** Opening Entries supplied block **

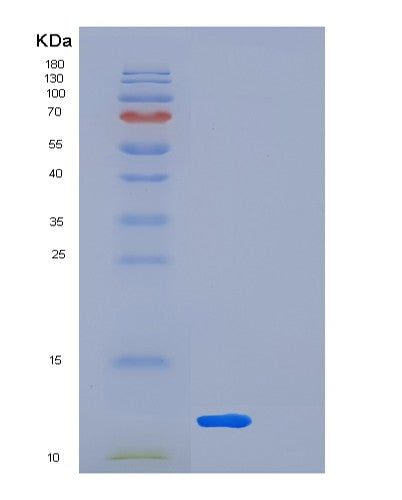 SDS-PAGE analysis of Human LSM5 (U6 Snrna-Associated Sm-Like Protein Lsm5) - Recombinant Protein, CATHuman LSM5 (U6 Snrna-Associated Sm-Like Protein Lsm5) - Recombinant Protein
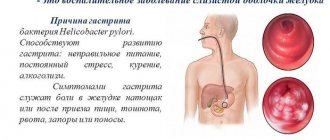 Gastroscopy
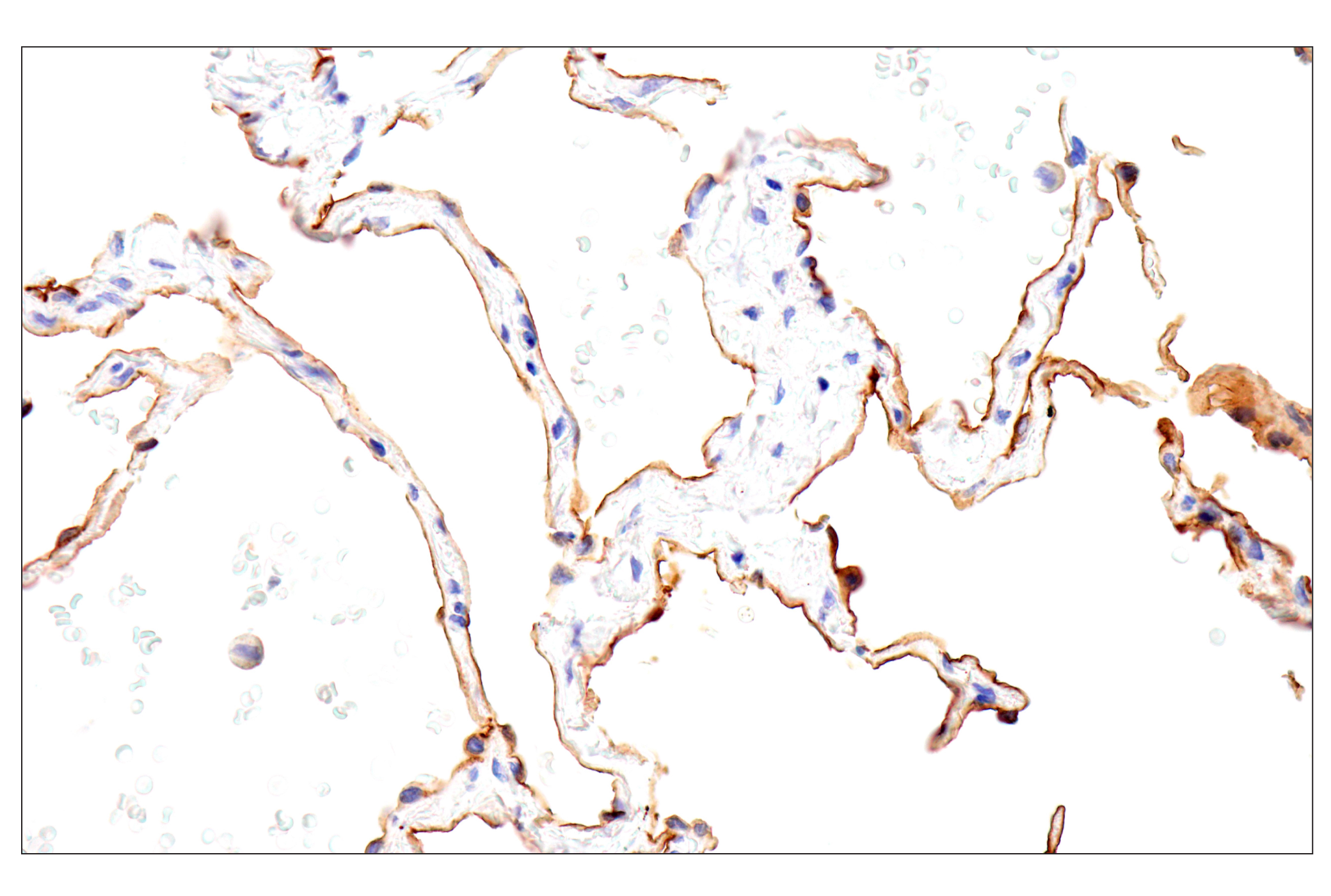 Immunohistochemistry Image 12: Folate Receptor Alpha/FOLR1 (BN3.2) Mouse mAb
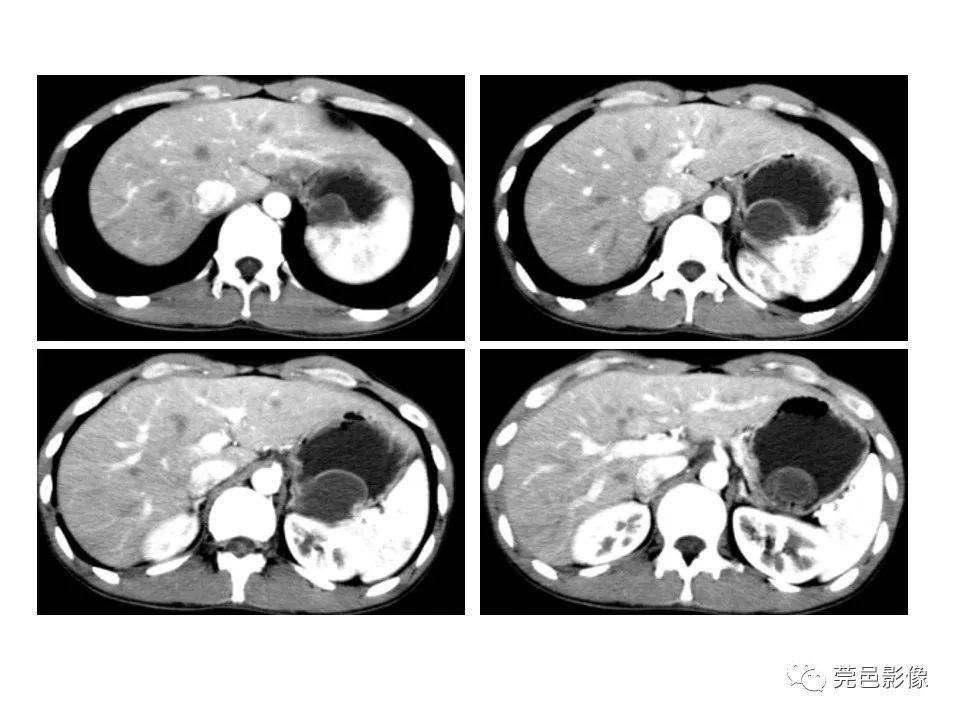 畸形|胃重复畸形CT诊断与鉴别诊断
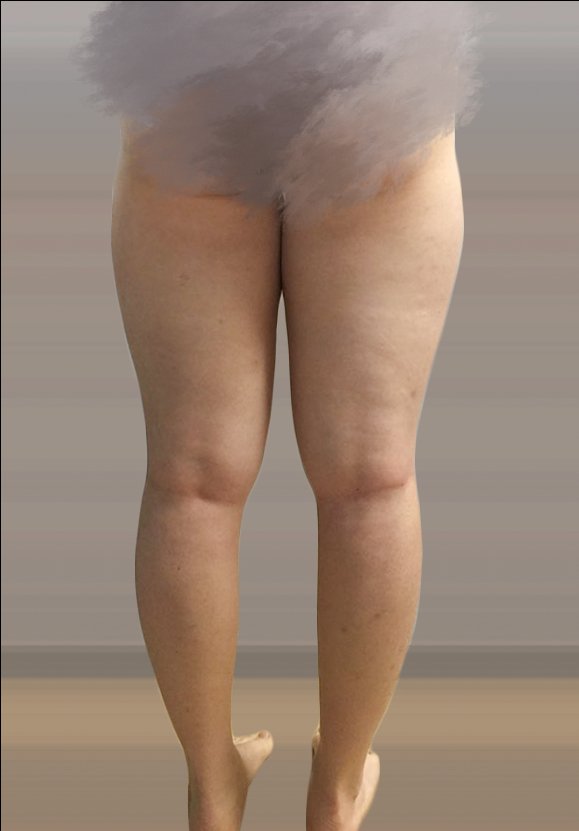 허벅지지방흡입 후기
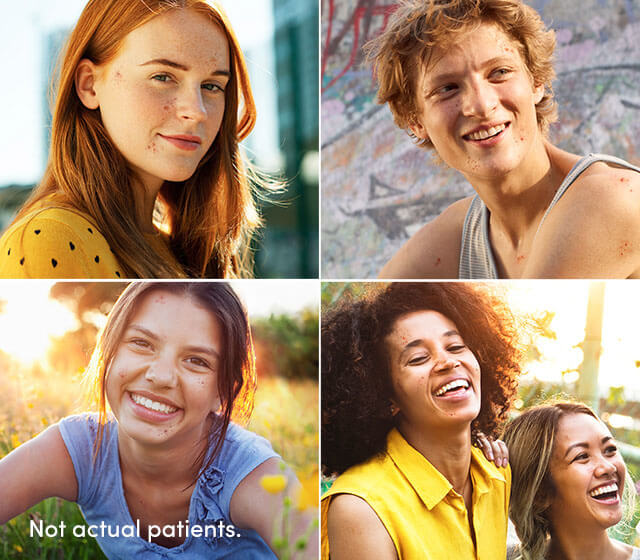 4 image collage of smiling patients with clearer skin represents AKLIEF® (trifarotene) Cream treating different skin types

** Closing Entries supplied block **

> _Task description_: Could you repeat exactly the lines from the one containing "Gastroscopy" through the last line of the records, both included, without the pictures?

> _Reply_:
 Gastroscopy
 Immunohistochemistry Image 12: Folate Receptor Alpha/FOLR1 (BN3.2) Mouse mAb
 畸形|胃重复畸形CT诊断与鉴别诊断
 허벅지지방흡입 후기
 4 image collage of smiling patients with clearer skin represents AKLIEF® (trifarotene) Cream treating different skin types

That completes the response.